Just how many property owners have installed solar panels? No one knows the precise answer—yet.
But Stanford University scientists hope to change that using a combination of imagery from space and machine learning. According to TechCrunch:
Stanford engineers (mechanical and civil, respectively) Arun Majumdar and Ram Rajagopal decided to remedy this with what seems like, in retrospect, rather an obvious solution.
Machine learning systems are great at looking at images and finding objects they’ve been “trained” to recognize, whether it’s cats, faces, or cars… so why not solar panels?
Their team, including grad students Jiafan Yu and Zhecheng Wang, put together an image recognition machine learning agent trained on hundreds of thousands of satellite images. The model learns both to identify the presence of solar panels in an image, and to find the shape and area of those panels.
Their study shows more solar installations than expected. According to Stanford:
University scientists analyzed more than a billion high-resolution satellite images with a machine learning algorithm and identified nearly every solar power installation in the contiguous 48 states. The results are described in a paper published in the Dec. 19 issue of Joule. The data are publicly available on the project’s website.

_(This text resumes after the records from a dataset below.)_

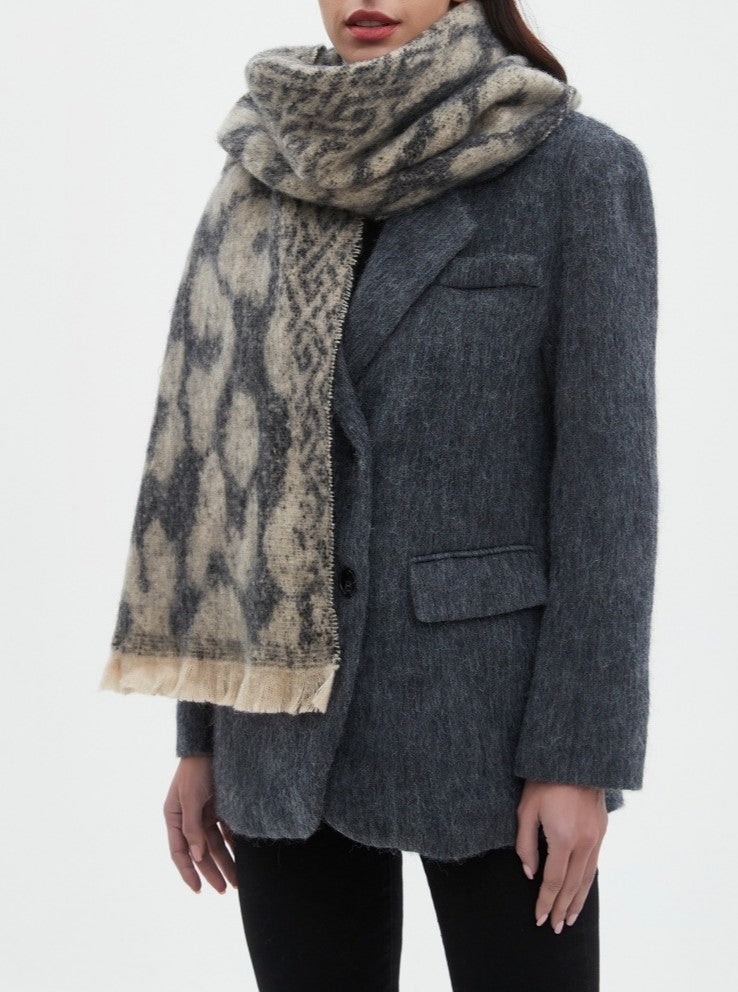 Brushed Leopard Print Winter Blanket Scarf - NO-6 - 3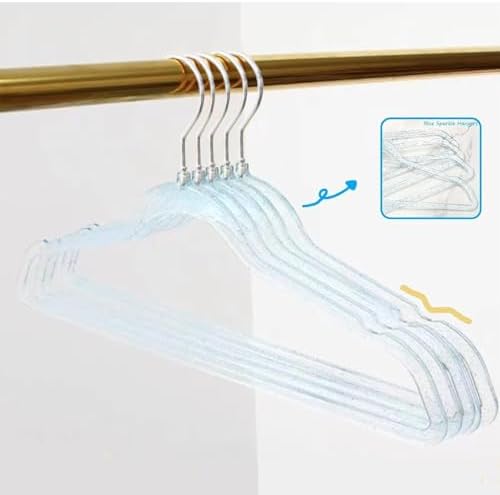 Blue and Gold Hangers for Clothes 40 Pcs, 16" Wide Clear Hangers for Men's Shirt, Women's Gown Dress, Youth Suit, Hoodie, Plastic Hanger with Swivel Hook, Thin Clothing Rack for Dorm Room Essentials - Image 6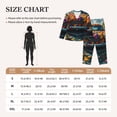 thumbnail image 4 of Salouo Flower Covered Vintage Car Pattern Women's Pajamas Set Long Sleeve Button Down Sleepwear Soft Pj Lounge Sets for women 2 Piece Pjs Set with Long Pants-Medium, 4 of 7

The analysis found 1.47 million installations, which is a much higher figure than either of the two widely recognized estimates. The scientists also integrated U.S. Census and other data with their solar catalog to identify factors leading to solar power adoption.
“We can use recent advances in machine learning to know where all these assets are, which has been a huge question, and generate insights about where the grid is going and how we can help get it to a more beneficial place,” said Ram Rajagopal, associate professor of civil and environmental engineering, who supervised the project with Arun Majumdar, professor of mechanical engineering.